Predictably, there’s been backlash to the industry’s explosive growth. In the winter of 2023, former Olympic runner Bruce Kidd wrote an op-ed in the Globe and Mail expressing dismay about the barrage of ads during sports broadcasts and concern that they were targeting children. After publishing the piece, he was flooded by supportive emails and calls, including one from former Toronto mayor John Sewell. They formed Ban Ads for Gambling, which has since attracted the support of such Canadian luminaries as children’s singer Raffi and writer John Ralston Saul.
In response to the blowback, Ontario announced in the summer of 2023 that it would ban ads featuring celebrities, a prohibition that took effect this February. For Kidd, that’s not enough. His group won the ears of two sympathetic senators, Marty Deacon and Brent Cotter, who in June of 2023 jointly introduced Bill-S269, which would push Parliament to regulate gambling ads, promote research about minors involved in harmful gambling activities and set national standards for preventing gambling addiction. A tangle of regulatory and political hurdles stops the bill from outright banning the ads, but to date it’s the closest anyone has come. It passed second reading in May of 2024, and the bill will likely go to the House of Commons this fall. So far, however, no MP or party seems willing to take up the cause and run with it.
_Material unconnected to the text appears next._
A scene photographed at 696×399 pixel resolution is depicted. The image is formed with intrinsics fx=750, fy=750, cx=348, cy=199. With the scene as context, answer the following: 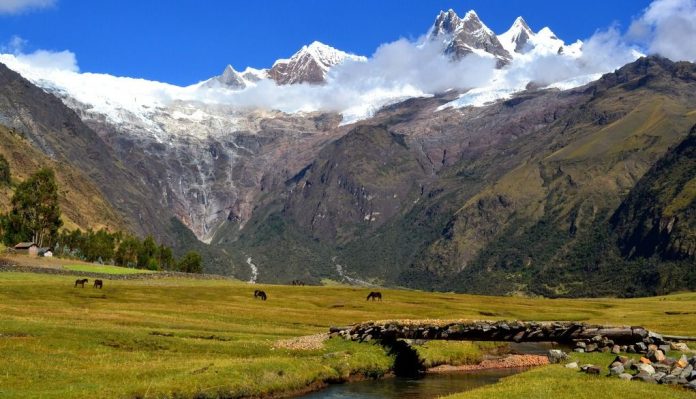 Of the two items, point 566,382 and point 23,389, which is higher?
point 566,382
This is not surprising: the industry contributed $2.7 billion to Ontario’s GDP in its second year, from April of 2023 to April of 2024. It contributed more than $790 million in tax revenue provincially and $380 million federally. Other provinces are now ready to follow Ontario’s lead.
In June, Canada’s gaming-industry elite gathered at the Metro Toronto Convention Centre for their annual meetup, the Canadian Gaming Summit. The exhibition floor featured exhibits from various providers, which gave the space the feel of a mini casino: one area had futuristic slot machines, whose high, curving screens loomed over people’s heads; another station featured poker and blackjack. Every now and then, the day’s speeches would be interrupted by shouts of joy, someone winning big. On the final day, Ontario Attorney General Doug Downey delivered a speech lauding the new industry for its economic contributions and for undermining the grey-market gambling that preceded legalization. The Ontario approach they had worked on together, he said, was a model for North America.
He then ceded the stage to Dale Nally, Alberta’s minister of Service Alberta and red tape reduction. Nally promised that Alberta was keen to replicate Ontario’s iGaming regime and crack the monopoly held by the public sector, just as Ontario had. “Thank you for making my job so easy,” he said. “We love the gambling ads. But we don’t like the disclaimer ‘Ontario only.’ ”
The last time I spoke to Phil, he told me that he’s mostly stopped betting. He’s optimistic that one day he’ll find it easier to resist the temptation of the apps, just as an alcoholic can eventually pass a bar or a liquor store without feeling compelled to walk through the door. He is worried about his two sons, though, especially his youngest, who is only 20. “He started gambling a while ago, just a little to start,” he says. “But now he has a full-time job, and I know he’s doing it more. I told him, ‘You have to be careful.’ But I can’t stop him. He’s legal.”